▸ What you are asked to do
Please retype the records below exactly, from the first line down to and including the line with "The Body Set Small Oval Beech Hair Brush".

Extracted entries: Begin

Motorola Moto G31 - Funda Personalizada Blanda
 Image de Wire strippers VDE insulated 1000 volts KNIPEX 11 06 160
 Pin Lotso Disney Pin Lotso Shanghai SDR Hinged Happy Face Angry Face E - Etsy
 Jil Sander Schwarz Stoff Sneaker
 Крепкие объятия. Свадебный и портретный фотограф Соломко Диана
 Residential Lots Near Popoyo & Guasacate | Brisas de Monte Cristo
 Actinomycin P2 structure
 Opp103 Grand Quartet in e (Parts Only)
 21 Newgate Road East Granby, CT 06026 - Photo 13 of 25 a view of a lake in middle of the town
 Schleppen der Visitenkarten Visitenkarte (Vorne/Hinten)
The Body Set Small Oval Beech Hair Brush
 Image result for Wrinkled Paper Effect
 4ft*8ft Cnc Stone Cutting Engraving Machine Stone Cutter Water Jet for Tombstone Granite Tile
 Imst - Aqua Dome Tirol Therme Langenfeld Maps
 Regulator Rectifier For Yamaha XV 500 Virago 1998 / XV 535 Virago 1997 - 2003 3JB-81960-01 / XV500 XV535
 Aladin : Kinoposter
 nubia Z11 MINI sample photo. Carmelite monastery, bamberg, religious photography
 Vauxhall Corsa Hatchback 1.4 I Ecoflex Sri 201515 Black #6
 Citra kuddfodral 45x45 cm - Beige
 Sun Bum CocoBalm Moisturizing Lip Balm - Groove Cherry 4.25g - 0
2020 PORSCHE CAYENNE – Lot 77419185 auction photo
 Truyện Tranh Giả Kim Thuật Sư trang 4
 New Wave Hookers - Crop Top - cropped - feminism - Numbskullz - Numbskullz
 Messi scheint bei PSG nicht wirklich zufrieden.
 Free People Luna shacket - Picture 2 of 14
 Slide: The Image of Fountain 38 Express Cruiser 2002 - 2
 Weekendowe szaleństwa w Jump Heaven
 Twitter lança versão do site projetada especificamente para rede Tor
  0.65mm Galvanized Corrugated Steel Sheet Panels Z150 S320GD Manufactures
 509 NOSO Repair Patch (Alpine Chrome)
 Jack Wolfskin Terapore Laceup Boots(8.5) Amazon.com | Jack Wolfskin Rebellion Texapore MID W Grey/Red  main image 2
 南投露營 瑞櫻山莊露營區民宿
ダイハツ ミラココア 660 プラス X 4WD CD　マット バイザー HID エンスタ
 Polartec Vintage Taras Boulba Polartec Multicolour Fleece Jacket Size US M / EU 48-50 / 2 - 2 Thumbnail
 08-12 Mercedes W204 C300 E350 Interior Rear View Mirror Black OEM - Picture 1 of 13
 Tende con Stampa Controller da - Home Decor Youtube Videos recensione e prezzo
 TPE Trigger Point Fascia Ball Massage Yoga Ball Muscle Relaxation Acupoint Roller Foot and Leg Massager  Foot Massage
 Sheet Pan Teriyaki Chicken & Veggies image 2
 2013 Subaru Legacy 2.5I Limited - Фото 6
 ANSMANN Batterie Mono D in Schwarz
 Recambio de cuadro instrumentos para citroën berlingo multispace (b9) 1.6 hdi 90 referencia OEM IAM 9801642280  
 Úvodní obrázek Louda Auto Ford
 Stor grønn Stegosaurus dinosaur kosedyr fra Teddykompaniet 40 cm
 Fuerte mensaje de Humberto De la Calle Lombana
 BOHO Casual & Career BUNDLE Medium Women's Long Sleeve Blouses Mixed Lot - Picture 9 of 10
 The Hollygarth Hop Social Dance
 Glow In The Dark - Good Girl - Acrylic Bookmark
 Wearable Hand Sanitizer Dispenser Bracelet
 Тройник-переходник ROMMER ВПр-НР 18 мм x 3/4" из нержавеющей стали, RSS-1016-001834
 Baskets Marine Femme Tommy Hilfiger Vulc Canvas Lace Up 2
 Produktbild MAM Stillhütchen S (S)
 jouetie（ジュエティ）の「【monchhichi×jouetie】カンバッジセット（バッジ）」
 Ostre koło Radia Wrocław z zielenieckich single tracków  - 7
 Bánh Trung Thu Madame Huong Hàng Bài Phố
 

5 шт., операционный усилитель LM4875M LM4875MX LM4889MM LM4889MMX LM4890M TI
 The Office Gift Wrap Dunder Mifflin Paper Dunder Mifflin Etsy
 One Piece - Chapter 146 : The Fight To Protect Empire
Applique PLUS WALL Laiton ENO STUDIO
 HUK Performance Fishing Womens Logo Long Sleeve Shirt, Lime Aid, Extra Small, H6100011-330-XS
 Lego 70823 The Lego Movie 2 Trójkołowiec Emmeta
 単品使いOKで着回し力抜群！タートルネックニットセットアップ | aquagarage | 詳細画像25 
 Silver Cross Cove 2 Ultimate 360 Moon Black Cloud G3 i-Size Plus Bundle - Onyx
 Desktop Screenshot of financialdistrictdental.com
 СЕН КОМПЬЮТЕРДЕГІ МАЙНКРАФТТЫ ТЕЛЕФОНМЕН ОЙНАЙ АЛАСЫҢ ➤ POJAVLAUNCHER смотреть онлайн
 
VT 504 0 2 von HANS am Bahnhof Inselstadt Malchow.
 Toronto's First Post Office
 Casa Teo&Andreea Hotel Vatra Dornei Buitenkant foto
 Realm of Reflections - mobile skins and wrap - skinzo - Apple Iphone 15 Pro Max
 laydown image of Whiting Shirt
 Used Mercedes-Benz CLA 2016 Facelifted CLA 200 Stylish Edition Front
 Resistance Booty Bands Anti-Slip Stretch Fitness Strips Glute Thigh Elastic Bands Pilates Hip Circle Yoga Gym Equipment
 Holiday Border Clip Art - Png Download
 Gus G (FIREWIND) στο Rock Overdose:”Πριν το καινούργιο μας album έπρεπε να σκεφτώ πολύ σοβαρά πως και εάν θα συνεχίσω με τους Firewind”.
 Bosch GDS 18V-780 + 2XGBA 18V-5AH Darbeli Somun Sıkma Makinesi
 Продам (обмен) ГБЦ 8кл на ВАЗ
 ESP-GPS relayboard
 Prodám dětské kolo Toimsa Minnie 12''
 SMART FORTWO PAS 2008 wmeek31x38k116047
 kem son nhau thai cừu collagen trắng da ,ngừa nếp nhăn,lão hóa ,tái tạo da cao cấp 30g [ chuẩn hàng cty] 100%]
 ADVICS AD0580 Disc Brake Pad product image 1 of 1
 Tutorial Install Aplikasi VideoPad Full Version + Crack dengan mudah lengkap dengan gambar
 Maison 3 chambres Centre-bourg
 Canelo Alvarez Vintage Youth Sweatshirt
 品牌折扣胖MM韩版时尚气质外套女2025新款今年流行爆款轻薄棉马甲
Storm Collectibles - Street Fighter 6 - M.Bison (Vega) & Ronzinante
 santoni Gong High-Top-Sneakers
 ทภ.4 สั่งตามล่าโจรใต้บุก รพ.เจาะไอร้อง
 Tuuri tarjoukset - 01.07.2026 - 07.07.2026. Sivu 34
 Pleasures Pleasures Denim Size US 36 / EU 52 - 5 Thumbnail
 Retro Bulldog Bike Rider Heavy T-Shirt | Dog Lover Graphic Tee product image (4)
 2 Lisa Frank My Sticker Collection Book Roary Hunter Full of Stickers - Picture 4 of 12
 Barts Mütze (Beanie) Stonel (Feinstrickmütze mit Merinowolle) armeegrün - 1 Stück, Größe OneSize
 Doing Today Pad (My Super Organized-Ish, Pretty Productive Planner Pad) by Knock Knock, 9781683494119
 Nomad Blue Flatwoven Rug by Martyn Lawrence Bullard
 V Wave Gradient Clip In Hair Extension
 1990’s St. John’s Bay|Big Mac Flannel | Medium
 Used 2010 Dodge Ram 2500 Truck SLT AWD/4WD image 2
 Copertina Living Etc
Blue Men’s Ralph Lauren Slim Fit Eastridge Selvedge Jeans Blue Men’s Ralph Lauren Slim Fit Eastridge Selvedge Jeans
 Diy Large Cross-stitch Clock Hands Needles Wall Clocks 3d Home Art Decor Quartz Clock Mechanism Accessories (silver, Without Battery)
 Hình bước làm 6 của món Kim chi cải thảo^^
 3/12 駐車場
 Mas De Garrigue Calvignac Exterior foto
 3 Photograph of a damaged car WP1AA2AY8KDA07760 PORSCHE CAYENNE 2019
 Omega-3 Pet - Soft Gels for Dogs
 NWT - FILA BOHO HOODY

Extracted entries: End

▸ Written response
Motorola Moto G31 - Funda Personalizada Blanda
 Image de Wire strippers VDE insulated 1000 volts KNIPEX 11 06 160
 Pin Lotso Disney Pin Lotso Shanghai SDR Hinged Happy Face Angry Face E - Etsy
 Jil Sander Schwarz Stoff Sneaker
 Крепкие объятия. Свадебный и портретный фотограф Соломко Диана
 Residential Lots Near Popoyo & Guasacate | Brisas de Monte Cristo
 Actinomycin P2 structure
 Opp103 Grand Quartet in e (Parts Only)
 21 Newgate Road East Granby, CT 06026 - Photo 13 of 25 a view of a lake in middle of the town
 Schleppen der Visitenkarten Visitenkarte (Vorne/Hinten)
The Body Set Small Oval Beech Hair Brush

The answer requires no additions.